- _Records provided_:
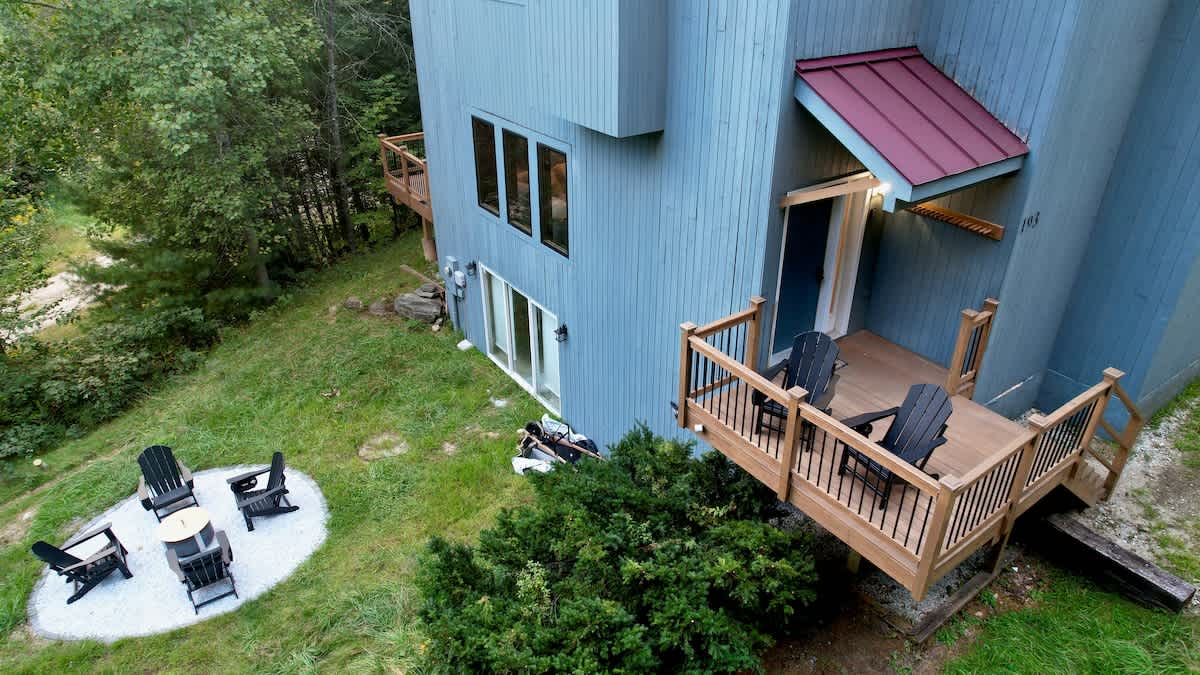 Ground-level view of the blue house's side, featuring a wooden deck with black Adirondack chairs, a sliding glass door, and a circular fire pit area on a white gravel patch in the yard.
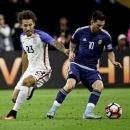 Jun 21, 2016; Houston, TX, USA; Argentina midfielder Lionel Messi (10) kicks the ball as United States defender Fabian Johnson (23) defends during the first half in the semifinals of the 2016 Copa America Centenario soccer tournament at NRG Stadium. Kevin Jairaj-USA TODAY Sports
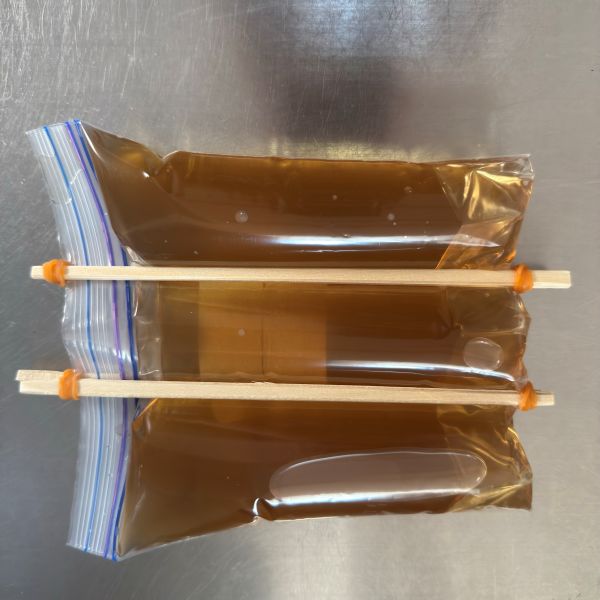 麦茶を入れたチャック付き保存袋を割り箸で挟んで両端を輪ゴムで固定した様子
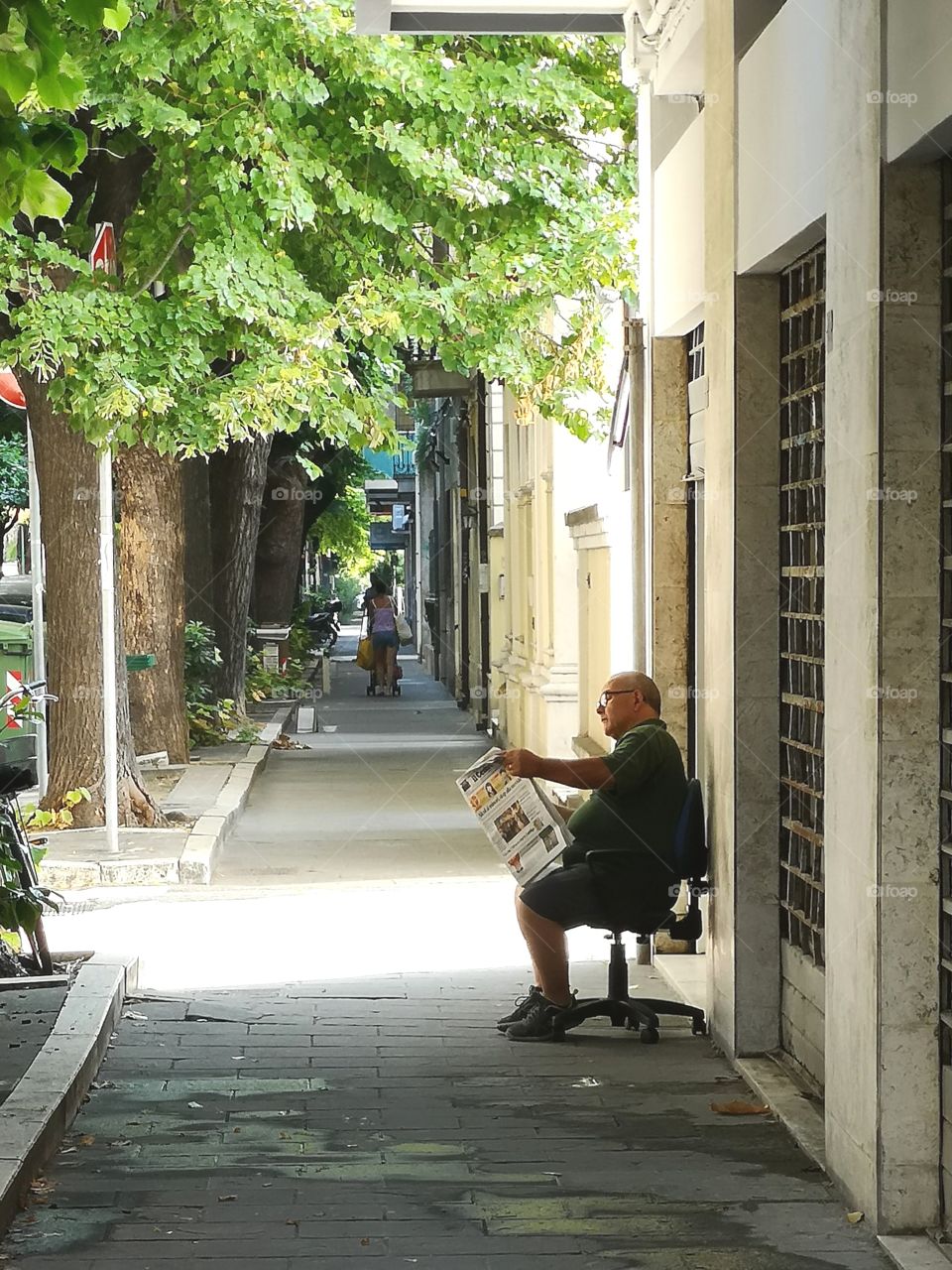 Elder reading newspaper on the street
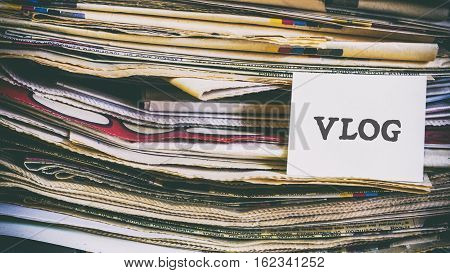 A Stack Of Old Newspapers, Words On A Paper Sticker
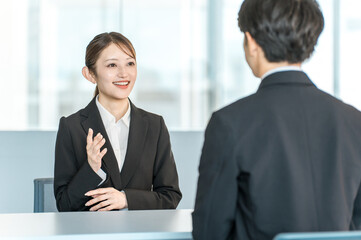 スーツ姿の男性を取材するインタビュアー,マスコミ,記者の女性
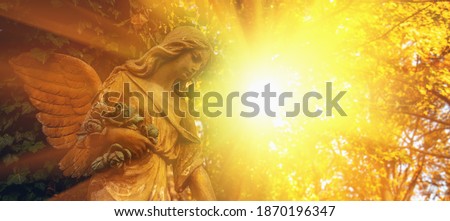 Guardian angel statue in sunlight. Horizontal image.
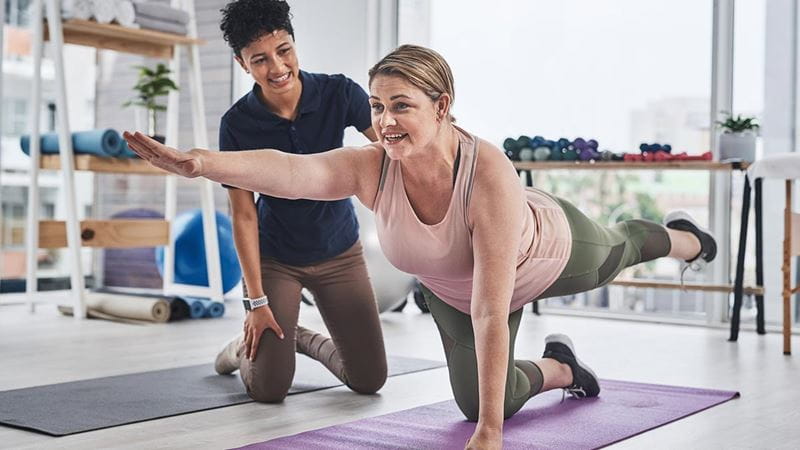 Woman with physiotherapist doing pilates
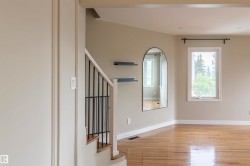 Hardwood-finish flooring extending into living spaces, staircase with black metal balusters, and a window with white trim - 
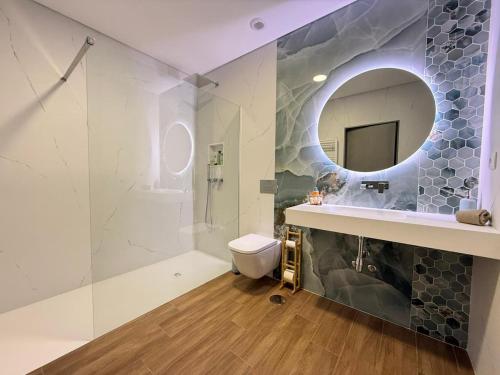 a bathroom with a sink and a toilet and a mirror at Calcedonia House - Gerês in Terras de Bouro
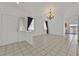 Bright living room featuring tile flooring, neutral decor, and an open layout with recessed lighting at 100 Beaver Falls Ave, Las Vegas, NV 89123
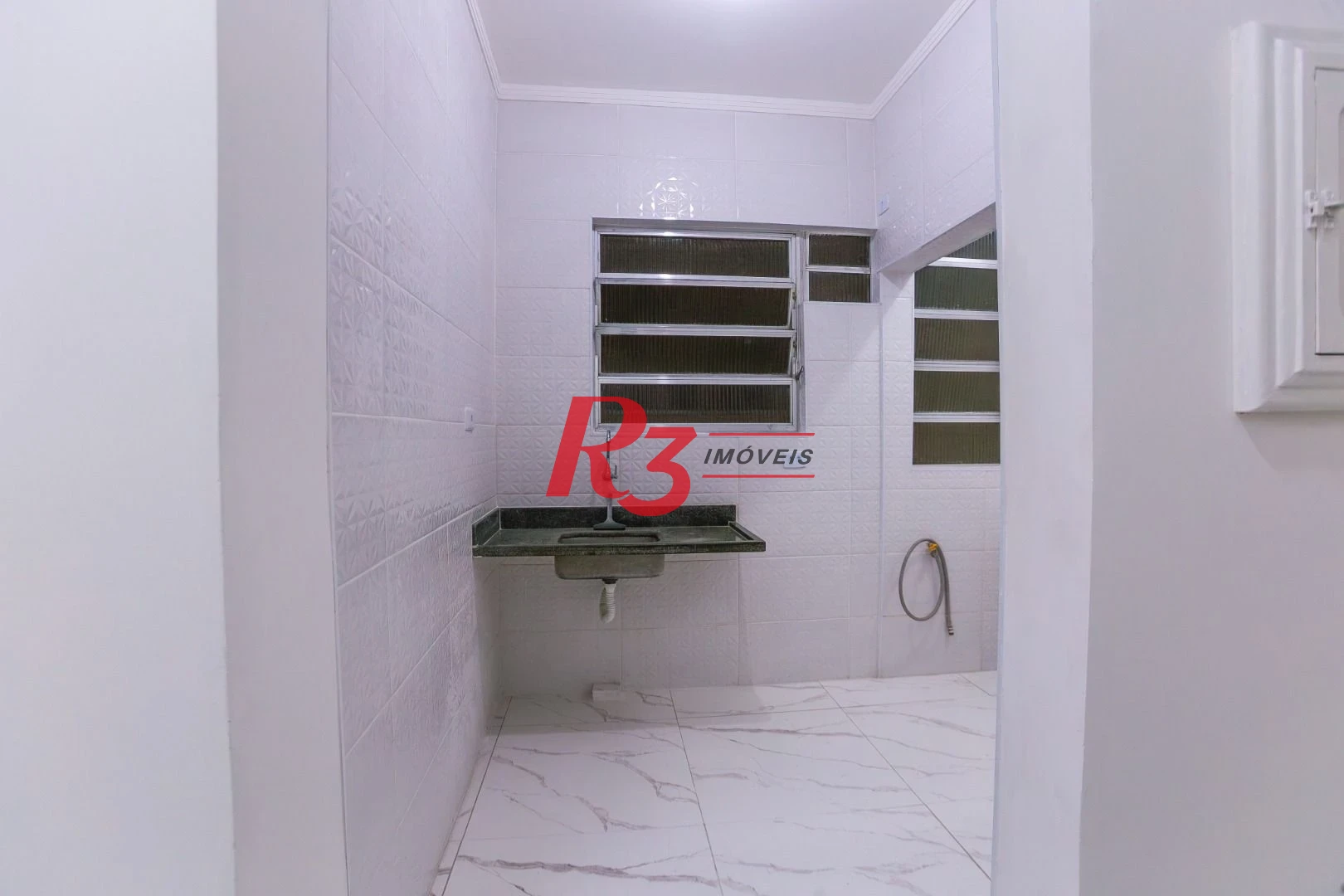 Apartamento com 2 dormitórios à venda, 65 m² por R$ 555.000,00 - José Menino - Santos/SP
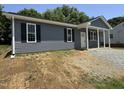 Charming home featuring gray siding, black shutters, and a welcoming front porch at 311 W Market St, Graham, NC 27253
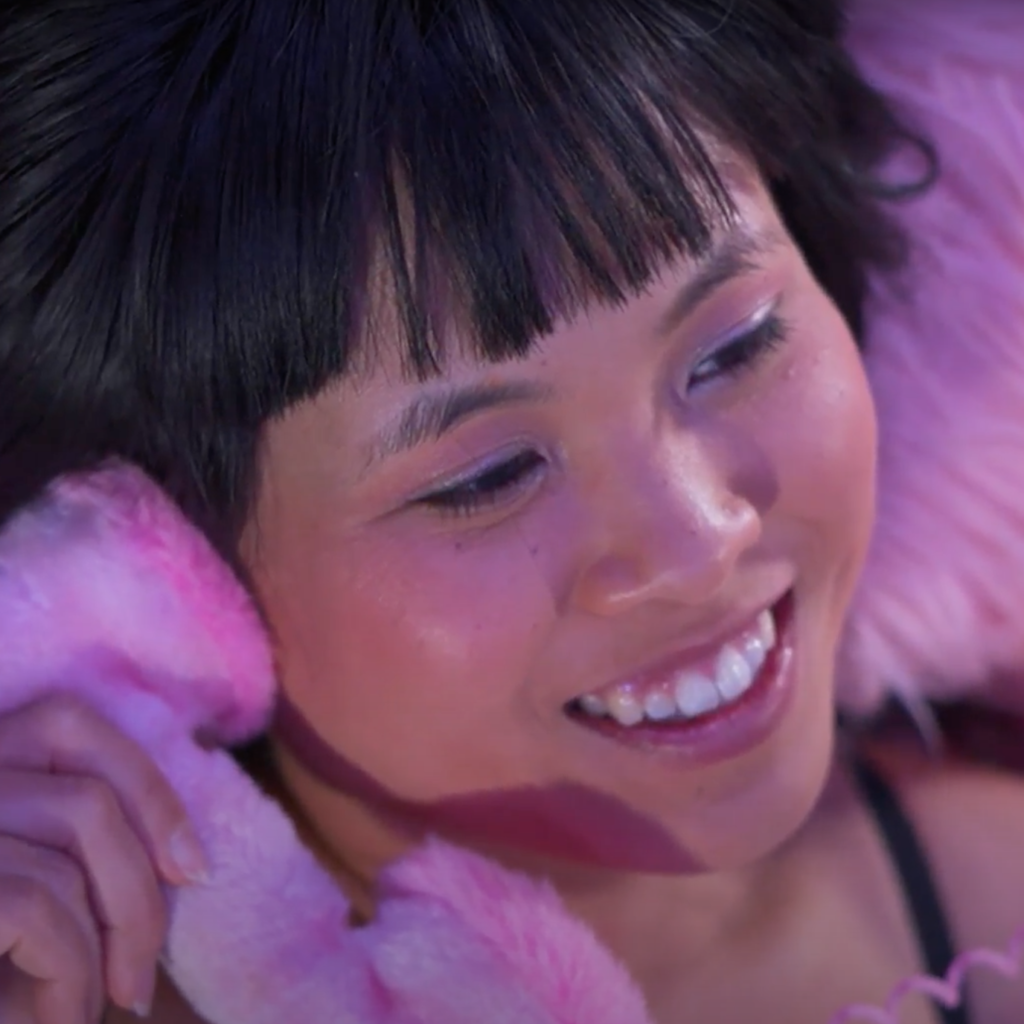 Lena Chen, a Chinese-American woman with bangs and perfect eyebrows, smiling off into the distance while chatting on a pink furry phone. The image is flirty.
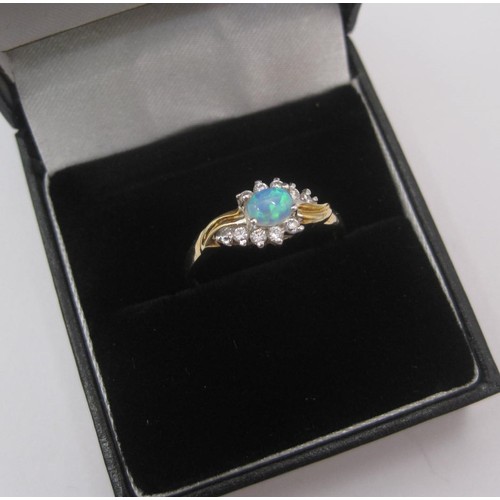 176 - 9 carat gold ring set with an opal (estimated 4.5mm x 3mm) between ten cubic zirconia stones, ring s... 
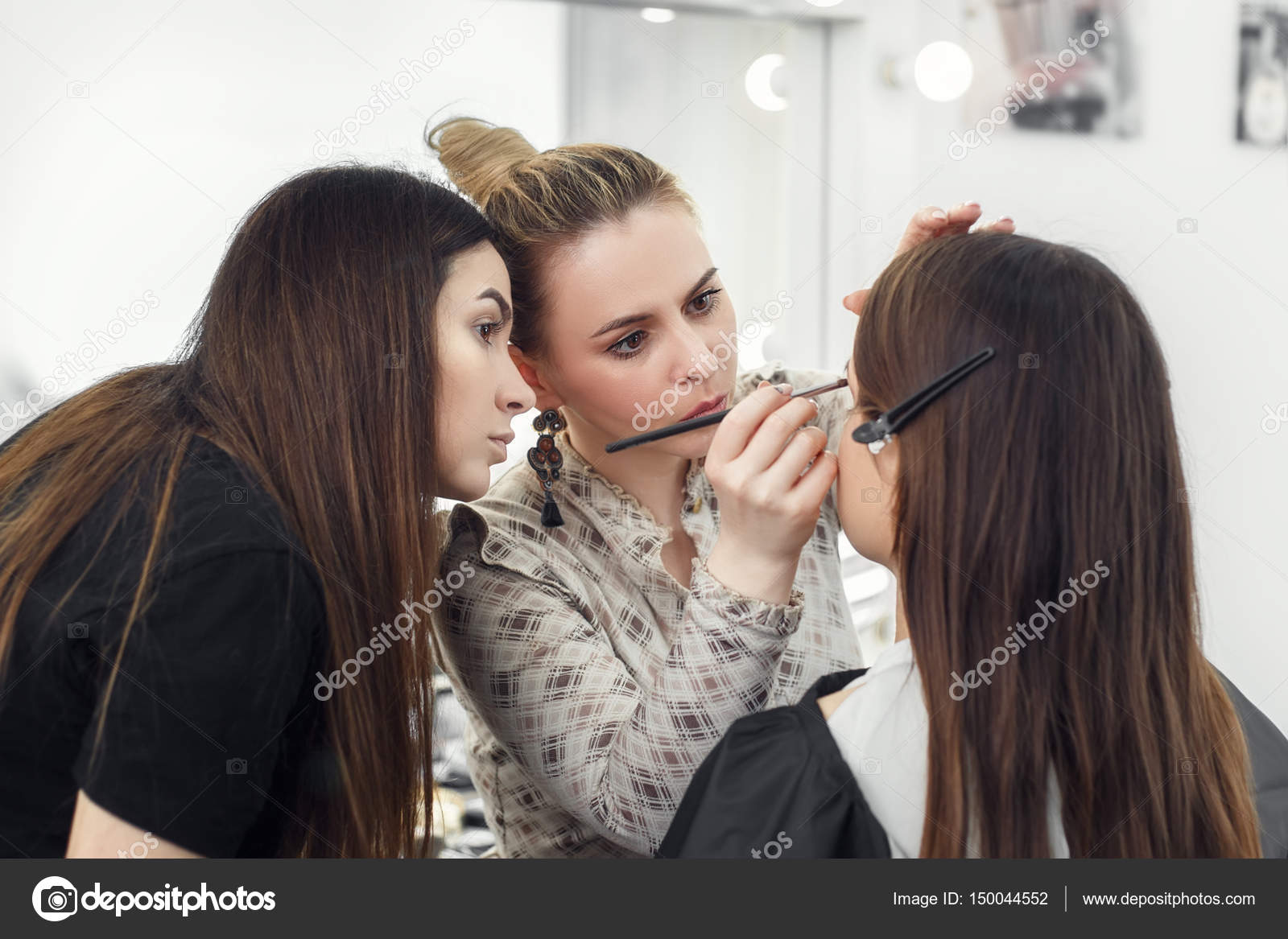 Makeup artist working in studio Stock Photo by ©AlterPhoto 150044552
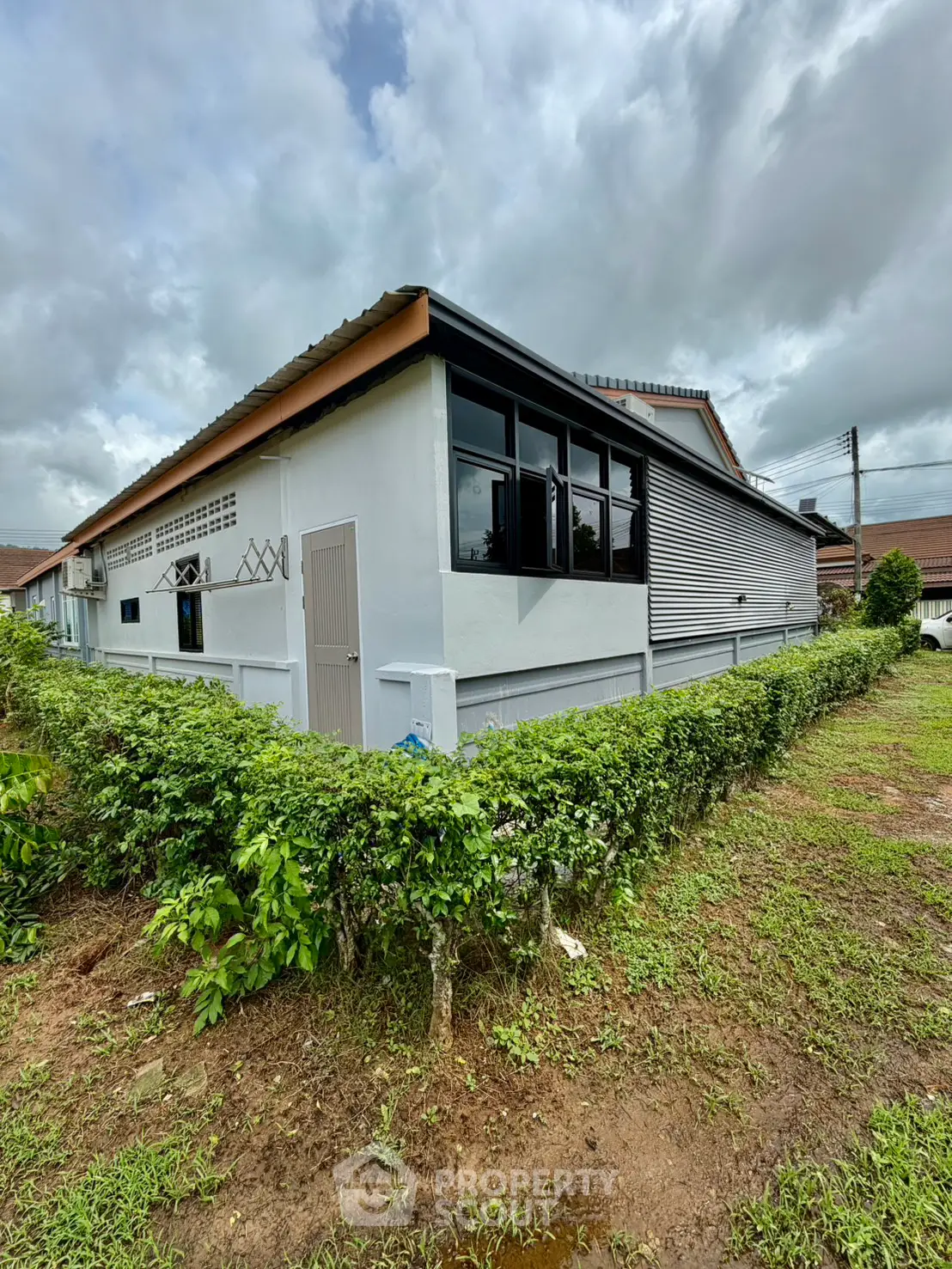 Charming single-story home with lush garden and modern exterior design, perfect for family living.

- _Your task_: Print exactly the lines above that run from the one with "スーツ姿の男性を取材するインタビュアー,マスコミ,記者の女性" to the one with "a bathroom with", both included. No pictures.

- _Your response_:
 スーツ姿の男性を取材するインタビュアー,マスコミ,記者の女性
 Guardian angel statue in sunlight. Horizontal image.
 Woman with physiotherapist doing pilates
 Hardwood-finish flooring extending into living spaces, staircase with black metal balusters, and a window with white trim - 
 a bathroom with a sink and a toilet and a mirror at Calcedonia House - Gerês in Terras de Bouro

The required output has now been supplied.